Tornar o processo de faturamento mais eficaz é a melhor maneira de prevenir as glosas, especialmente em clínicas e hospitais, onde o fluxo de pacientes é maior e o número de operadoras de planos, também. Adotar processo de indicadores de desempenho, produtividade e finanças é uma boa maneira de identificar os principais fatores que causam as glosas e propor soluções. Por exemplo, fazer um levantamento de tudo que foi glosado nos últimos meses, mapear suas causas e elaborar um plano para solucionar esses problemas. Em seguida, analisar o resultado nos meses seguintes, para avaliar o sucesso desse planejamento e readequar os pontos necessários.
Também é importante realizar auditorias internas regularmente, analisando processos internos e prontuários médicos, verificando se os valores orçados estão de acordo com os procedimentos que foram realizados. Assim, caso haja erros, será mais fácil localizar suas origens e resolver o problema.
Como recorrer
Ao ser glosado, o médico ou o estabelecimento de saúde tem o direito de contestar e entrar com recurso na operadora do plano7.
O recurso de glosas é a oportunidade de corrigir o erro apontado pela operadora ou contestar o apontamento feito. De modo geral, as operadoras disponibilizam as informações sobre os pagamentos em demonstrativos de contas médicas, para o processo de conciliação dos créditos.
Os analistas de conciliação (lado do prestador) acessam o site do convênio, baixam estes demonstrativos e conferem as contas, para identificar as glosas.
Quando uma é identificada, o prestador pode realizar o recurso, pedindo à operadora para reconsiderar a cobrança glosada.

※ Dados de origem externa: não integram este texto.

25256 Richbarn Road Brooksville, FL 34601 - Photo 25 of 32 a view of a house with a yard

O primeiro passo é identificar se a glosa foi de ordem técnica, administrativa ou linear, para saber onde foi o erro e se preparar para buscar a solução. Em seguida, reúna documentos que possam embasar o recurso, como guias assinadas, autorizações e pedidos de exames.
Ao efetuar o recurso no sistema das operadoras, muitas delimitam o espaço de descrição a uma quantidade determinada de caracteres. É preciso saber usar esse espaço de maneira eficiente, evitando repetições de dados que constem nos documentos a serem anexados e inserindo o máximo de informações pertinentes ao caso.

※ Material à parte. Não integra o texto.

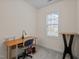 Bright office space featuring a window, desk, office chair, and a sleek black table at 1040 Bellenden Dr, Durham, NC 27713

É preciso ficar atento aos prazos limites para a entrada de recursos e ao padrão que cada uma estabelece para o envio dessas informações.

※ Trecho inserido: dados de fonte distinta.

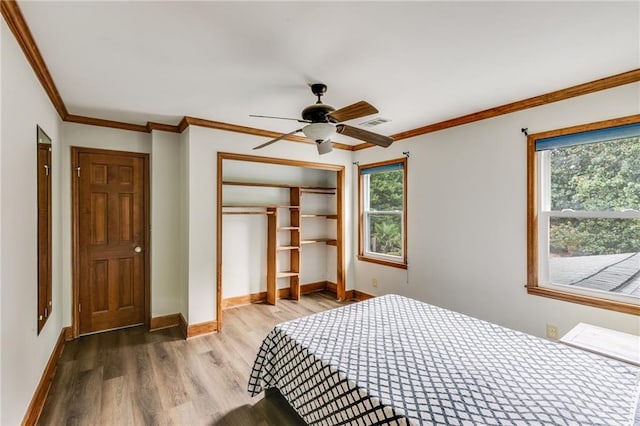 bedroom featuring a closet, multiple windows, visible vents, and wood finished floors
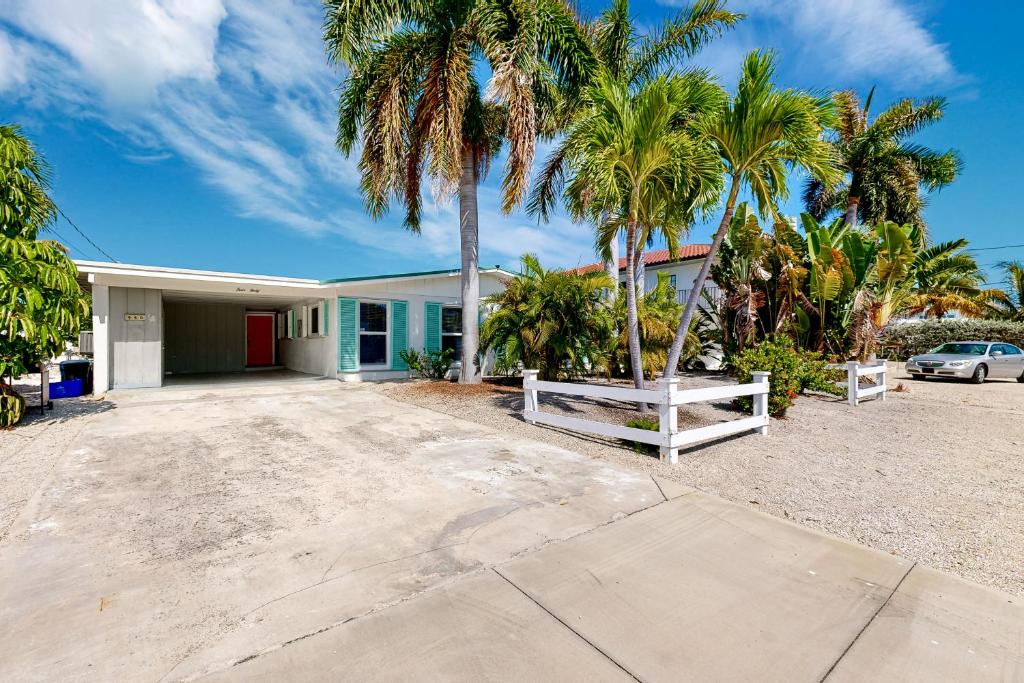 a house with palm trees in front of it at Breezy Keys in Key Colony Beach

Uma das queixas dos médicos com relação às operadoras mencionados na pesquisa da AMP33é demora na resposta com relação às glosas. A ANS em reportagem publicada pela Agência Brasil1 afirmou que todas as reclamações registradas geram notificação à operadora para apresentar sua defesa, analisando a situação dentro do prazo legal.
Conforme a ANS, parte das denúncias é arquivada com sua resolução. Já as que prosseguem sem solução são encaminhadas para outros setores da agência para que sejam analisadas questões assistenciais e econômico-financeiras das operadoras que poderiam motivar tal conduta.
Para evitar perda de tempo e dor de cabeça, médicos, consultórios, clínicas, hospitais acabam até contratando empresas especializadas na gestão de empresas de saúde e de enfrentamento de glosas.
Referências
1-Agência Brasil. Medo de represália desencoraja médicos a denunciarem planos à ANS. Última atualização: 11/04/2022. 2-Cremesp. Glosa de procedimentos. 3-AMB. Pesquisa os médicos brasileiros e os planos de saúde. 4-ANS. – Painel de Indicadores de Glosa. 5-Orientações aos médicos sobre os requisitos mínimos para a contratualização com operadoras de planos de saúde. 6-Saúde Business. Glosas médicas: o que pode estar errado com os processos internos? Última atualização: 22 Mar, 2022. 7- Glosa Médica: o guia completo.